At Fort Banning last week a corporal picked up a 57-mm. cannon (which ordinarily weighs 3,000 lbs.), and aimed it as casually as a shotgun. He fired a 2 1/4-lb. projectile (more than 2 in. in diameter) which demolished a cordwood target 800 yards away. The weight of this cannon: 45 Ibs. There was not enough recoil "to move the skin on my shoulder."

This cannon was the most revolutionary development in artillery since the rifled field pieces of the Civil War, although the recoilless principle was not new; the Germans tried out a similar piece in 1942.

Secret of the kickless weapon: it lets some of the powder blast drive to the rear through the breech as the projectile is driven forward. Result: the rearward blast cancels out the "kick" of the gun. One of the weapon's drawbacks: the blast--a fiery column 12-to-15 ft. long, about 4 ft. in diameter--might betray its location to the enemy.

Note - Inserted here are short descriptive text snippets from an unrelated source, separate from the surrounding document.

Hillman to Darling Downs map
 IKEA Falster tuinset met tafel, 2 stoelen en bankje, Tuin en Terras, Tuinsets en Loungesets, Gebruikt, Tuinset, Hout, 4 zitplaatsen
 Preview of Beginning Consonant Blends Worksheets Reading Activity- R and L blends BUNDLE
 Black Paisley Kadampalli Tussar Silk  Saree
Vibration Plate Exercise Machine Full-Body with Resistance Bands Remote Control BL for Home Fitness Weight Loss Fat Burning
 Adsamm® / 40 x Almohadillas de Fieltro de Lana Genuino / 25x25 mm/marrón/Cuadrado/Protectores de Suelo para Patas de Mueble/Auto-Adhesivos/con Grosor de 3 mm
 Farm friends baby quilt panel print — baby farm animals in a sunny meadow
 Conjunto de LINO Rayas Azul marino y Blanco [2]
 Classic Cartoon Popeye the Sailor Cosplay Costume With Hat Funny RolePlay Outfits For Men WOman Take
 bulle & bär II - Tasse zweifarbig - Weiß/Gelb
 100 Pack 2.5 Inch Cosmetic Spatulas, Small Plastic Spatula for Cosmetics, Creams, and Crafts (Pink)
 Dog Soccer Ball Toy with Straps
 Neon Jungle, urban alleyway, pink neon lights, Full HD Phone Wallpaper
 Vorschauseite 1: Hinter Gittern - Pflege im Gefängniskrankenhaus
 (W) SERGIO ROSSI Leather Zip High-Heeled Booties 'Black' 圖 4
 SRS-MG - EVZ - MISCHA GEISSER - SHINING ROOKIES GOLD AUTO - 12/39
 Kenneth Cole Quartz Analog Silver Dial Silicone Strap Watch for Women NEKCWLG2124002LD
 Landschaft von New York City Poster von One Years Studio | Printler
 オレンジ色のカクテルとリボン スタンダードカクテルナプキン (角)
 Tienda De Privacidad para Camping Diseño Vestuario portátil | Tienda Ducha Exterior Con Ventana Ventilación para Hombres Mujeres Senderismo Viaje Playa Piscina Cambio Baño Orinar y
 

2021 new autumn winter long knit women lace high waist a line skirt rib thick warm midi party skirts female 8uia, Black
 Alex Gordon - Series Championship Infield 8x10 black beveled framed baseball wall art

The new 57, which will fire any type of shell--including phosphorous--has the accuracy of an M-1 Garand rifle, a maximum range of 2 1/2 miles. A heavier (110-lb.) kickless gun also in service is the 75 mm., which is fired from a tripod no heavier than a machine-gun mount and has a range of more than four miles. The Army's most mobile artillery weapon was formerly the 75-mm. pack howitzer, weighing about 1,500 lbs.

The recoilless guns, said Ordnance men, were deadly against tanks in Europe, better than bazookas because of their greater accuracy. Now, says the Army, they are in use in the Pacific. They are especially handy against caves.